> **EXERCISE AIM**
Take the lines in the listing below from the line with "Crystal Ravine Castle" up to and including the line with "clique Backpack II" and set them down exactly, skipping pictures and adding nothing.

> **THE RECORDS**
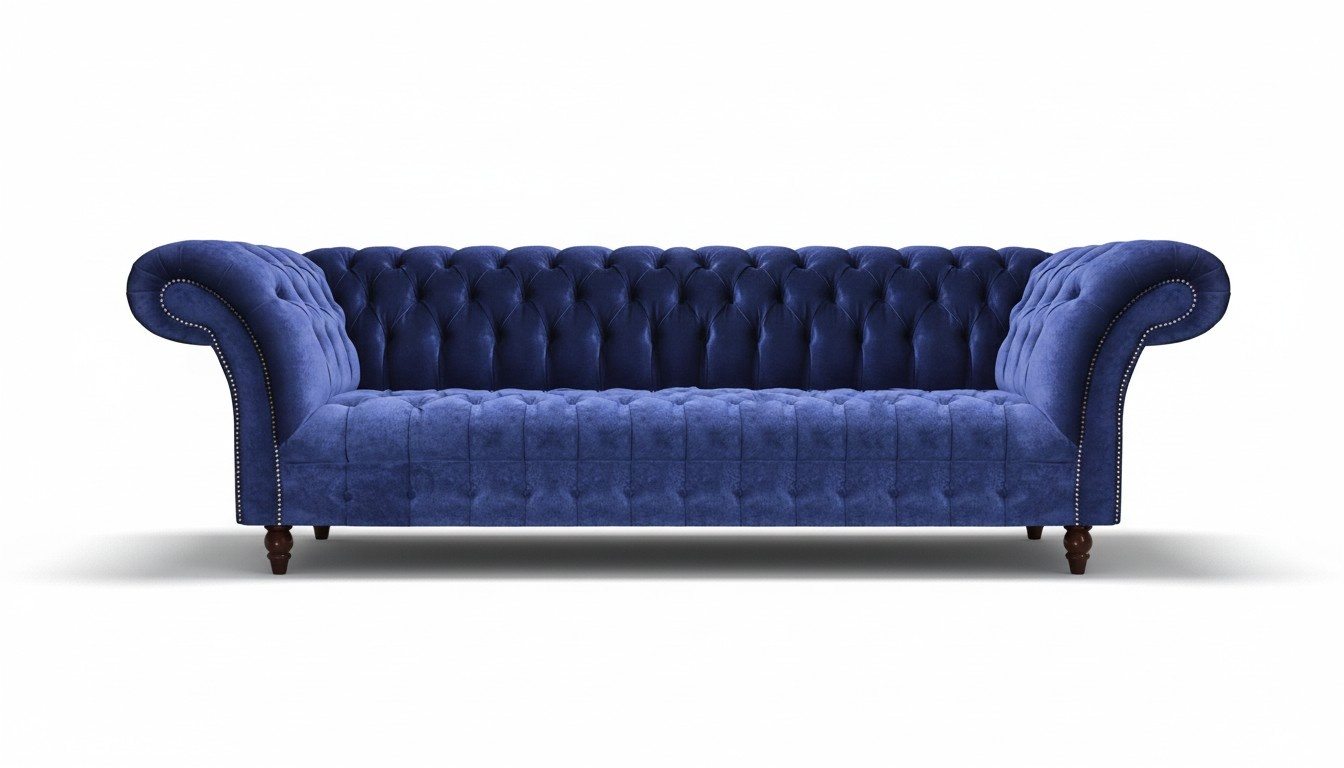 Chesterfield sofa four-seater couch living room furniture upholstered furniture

==

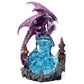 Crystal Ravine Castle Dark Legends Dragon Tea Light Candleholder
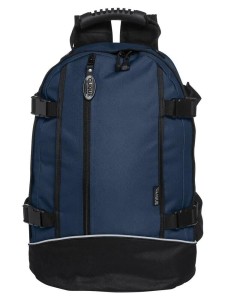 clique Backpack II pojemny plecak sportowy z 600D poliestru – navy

> **ANSWER BOX**
 Crystal Ravine Castle Dark Legends Dragon Tea Light Candleholder
 clique Backpack II pojemny plecak sportowy z 600D poliestru – navy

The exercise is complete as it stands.